Three images showing students in the Cultural Center

Harper’s Cultural Center 
Building D, Room D-281 (above Starbucks)

Hours of operation (August through May):
Monday, Wednesday, Thursday: 8 a.m. to 4:30 p.m.
Tuesday: 8 a.m. to 6:30 p.m.
Friday: 8 a.m. to noon

Dr. Avis Proctor led the opening of the Cultural Center in November 2021, thanks to the research and request of many Harper employees and students. The Cultural Center at Harper College is a culturally-affirming, educational lounge and event space for students and employees. Serving as an academic and social counterspace (learn more about counterspaces below), the employees and students are  encouraged to build connections, express their identities and values, engage in dialogue, and enjoy a place where they can have a sense of belonging on campus. Brittany Barber serves as the Manager of the Cultural Center.

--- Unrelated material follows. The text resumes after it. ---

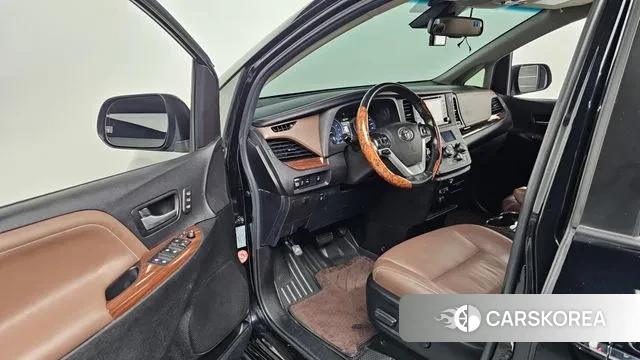 Toyota Sienna id 3061007 из Кореи 20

The Cultural Center enhances the Harper community by: 

  • Providing a culturally-affirming place for studying and conversation while listening to diverse music
  • Creating opportunities for students and employees to engage in social, cultural, and educational events
  • Offering meeting space for employee and student organization meetings
  • Encouraging and supporting an authentic sense of self

The cultural center offers:

  • A kitchenette for use by students and employees 
  • Three computer stations 
  • Large and small conference rooms with large televisions. Each conference room is equipped with technology for Bluetooth, virtual cameras for streaming and conferences, and internet access.
  • Bean bag chairs 
  • Books and articles on a variety of diversity, equity, inclusion topics 


What is a Counterspace?

Counterspaces can provide opportunities to increase human, cultural and social capital that is often limited to lower-income and racially marginalized communities. They provide space for students and employees who come from oppressed and marginalized populations to feel validated and appreciated for their stories, and allow them to unpack other challenges and questions they have. 

  • Counterspaces provide safe spaces that simultaneously validate and critique one’s interconnected self and group identity—that would enable radical growth. (M. Keels, pg. 2).
  • Counterspaces are known to become effective spaces where students can feel safe and comfortable, where they can get back a bit of their mental bandwidth that is depleted by daily pressures (Cia Verschelden, Bandwidth Recovery, pg. 97) and one model is commonly known as a multicultural center.
  • A center, like the one opening in the early fall at Harper College, can also be seen as identity-affirming spaces to help students maintain a strong sense of self while striving for school success (M. Keels, pg. 34).